Just screw in and go...

http://paulwendy.com/altima/fogs/


----------



## Slurppie (Oct 15, 2002)

lower the rear end


----------



## Hardcore (Oct 16, 2002)

Slurppie said:


> *lower the rear end  *


 Good thought, you could put 20in wheels on the front and 17in wheels on the back. That would probably work too. 



I couldn't help it.


----------



## Slurppie (Oct 15, 2002)

Hardcore said:


> *Good thought, you could put 20in wheels on the front and 17in wheels on the back. That would probably work too.
> 
> 
> 
> I couldn't help it.  *


Bad Hardcore...bad boy!


----------



## MakoMeat (Dec 4, 2002)

Thanks for the quick come back.
Yea, guess I could lower the back of the car, swap the springs or just have my overweight friends sit in the back, LOL
Altyholic’s link to the step 8 pic shows an adjustment nut?
I’ll mess with it this weekend, if I don’t go to Vegas instead and let you guys know what I find out. This site is mellow. Nice.
Thanks.


----------



## jayman9207 (Nov 20, 2002)

Here is what I found in the ESM:










and


----------



## ALTYHOLIC (Oct 19, 2002)

Jason...good find!
So the screw on top does do the adjusting.
Good to know...


----------



## MakoMeat (Dec 4, 2002)

Thank you gentlemen. Just what I was looking for! :thumbup:


----------



## jayman9207 (Nov 20, 2002)

ALTYHOLIC said:


> *Jason...good find!
> So the screw on top does do the adjusting.
> Good to know... *


And you told me you did not want the ESM???? The main reason why I got it was to know how to take my Alty apart without breaking everything.
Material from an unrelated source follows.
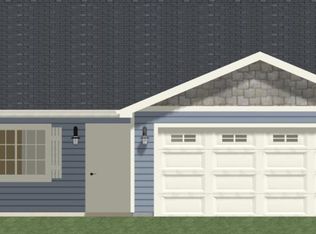 926 N Oasis St, Deer Park, WA 99006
I still have your extra copy if you want it now??? I forgot to ask......how are the plugs???


----------



## ALTYHOLIC (Oct 19, 2002)

jayman9207 said:


> *And you told me you did not want the ESM???? The main reason why I got it was to know how to take my Alty apart without breaking everything. I still have your extra copy if you want it now??? I forgot to ask......how are the plugs??? *


LOL!
Altimas.Net use to have the ESM on line. That's why I didn't require a copy. They took it down for some reason, so I just might take you up on that offer.
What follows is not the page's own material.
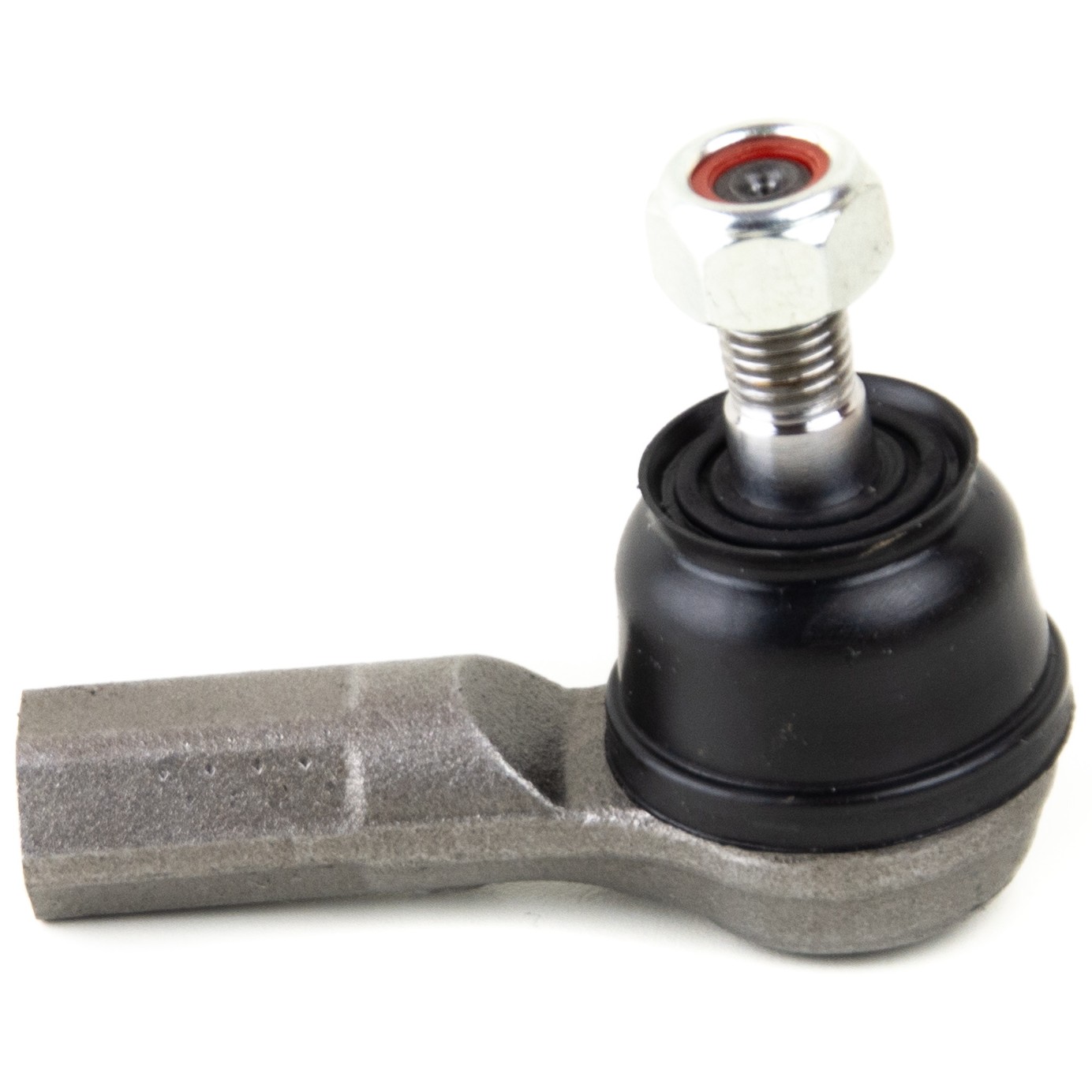 Terminal de Direção para Chery QQ - Viemar - 335401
The plugs are still sitting in my room. I don't have a 15/16th's 
drill bit so my holes are too narrow to fit the plugs in.


----------



## jayman9207 (Nov 20, 2002)

I will have to fix that the next time I see you then........you know a new drill bit set (nice one) is about $10. LOL!!


----------



## JBL85 (Oct 17, 2002)

jayman9207: hey, do you happen to know the proper head light setting for the head lights?


----------



## jayman9207 (Nov 20, 2002)

Sorry this took so long, but is this what you are looking for:










and


----------



## JBL85 (Oct 17, 2002)

Thats ok, Thanx A lot

-Jayman, do You mind if I add those pics to my how to on altimas.net?


----------



## jayman9207 (Nov 20, 2002)

Go for it! I am glad I could help. :thumbup:


----------